Brief descriptive captions:

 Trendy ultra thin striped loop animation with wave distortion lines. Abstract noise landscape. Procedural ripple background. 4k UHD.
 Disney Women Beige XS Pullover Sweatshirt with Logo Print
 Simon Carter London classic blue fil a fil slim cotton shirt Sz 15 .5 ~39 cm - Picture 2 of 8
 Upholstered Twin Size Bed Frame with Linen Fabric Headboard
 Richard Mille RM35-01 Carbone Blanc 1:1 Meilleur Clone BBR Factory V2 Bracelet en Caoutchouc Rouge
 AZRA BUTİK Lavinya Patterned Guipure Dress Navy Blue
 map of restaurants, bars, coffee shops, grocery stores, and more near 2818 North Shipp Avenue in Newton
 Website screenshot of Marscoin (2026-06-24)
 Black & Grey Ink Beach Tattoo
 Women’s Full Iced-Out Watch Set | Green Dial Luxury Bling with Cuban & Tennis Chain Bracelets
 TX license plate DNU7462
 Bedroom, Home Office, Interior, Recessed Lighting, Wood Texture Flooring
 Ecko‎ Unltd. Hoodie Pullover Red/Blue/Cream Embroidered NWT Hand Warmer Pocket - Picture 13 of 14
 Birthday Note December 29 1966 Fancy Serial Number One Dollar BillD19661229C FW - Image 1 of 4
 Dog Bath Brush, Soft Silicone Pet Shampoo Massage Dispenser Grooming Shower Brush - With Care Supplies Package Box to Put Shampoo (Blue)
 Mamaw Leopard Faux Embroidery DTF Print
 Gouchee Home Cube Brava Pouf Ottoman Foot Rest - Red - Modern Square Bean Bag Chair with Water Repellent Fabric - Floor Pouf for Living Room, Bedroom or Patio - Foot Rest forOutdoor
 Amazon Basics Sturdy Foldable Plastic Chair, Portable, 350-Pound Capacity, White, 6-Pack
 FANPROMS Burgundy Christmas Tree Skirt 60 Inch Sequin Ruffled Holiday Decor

Exercise instructions:
No line may be altered or left out when the data is written out.

Exercise output:
 Trendy ultra thin striped loop animation with wave distortion lines. Abstract noise landscape. Procedural ripple background. 4k UHD.
 Disney Women Beige XS Pullover Sweatshirt with Logo Print
 Simon Carter London classic blue fil a fil slim cotton shirt Sz 15 .5 ~39 cm - Picture 2 of 8
 Upholstered Twin Size Bed Frame with Linen Fabric Headboard
 Richard Mille RM35-01 Carbone Blanc 1:1 Meilleur Clone BBR Factory V2 Bracelet en Caoutchouc Rouge
 AZRA BUTİK Lavinya Patterned Guipure Dress Navy Blue
 map of restaurants, bars, coffee shops, grocery stores, and more near 2818 North Shipp Avenue in Newton
 Website screenshot of Marscoin (2026-06-24)
 Black & Grey Ink Beach Tattoo
 Women’s Full Iced-Out Watch Set | Green Dial Luxury Bling with Cuban & Tennis Chain Bracelets
 TX license plate DNU7462
 Bedroom, Home Office, Interior, Recessed Lighting, Wood Texture Flooring
 Ecko‎ Unltd. Hoodie Pullover Red/Blue/Cream Embroidered NWT Hand Warmer Pocket - Picture 13 of 14
 Birthday Note December 29 1966 Fancy Serial Number One Dollar BillD19661229C FW - Image 1 of 4
 Dog Bath Brush, Soft Silicone Pet Shampoo Massage Dispenser Grooming Shower Brush - With Care Supplies Package Box to Put Shampoo (Blue)
 Mamaw Leopard Faux Embroidery DTF Print
 Gouchee Home Cube Brava Pouf Ottoman Foot Rest - Red - Modern Square Bean Bag Chair with Water Repellent Fabric - Floor Pouf for Living Room, Bedroom or Patio - Foot Rest forOutdoor
 Amazon Basics Sturdy Foldable Plastic Chair, Portable, 350-Pound Capacity, White, 6-Pack
 FANPROMS Burgundy Christmas Tree Skirt 60 Inch Sequin Ruffled Holiday Decor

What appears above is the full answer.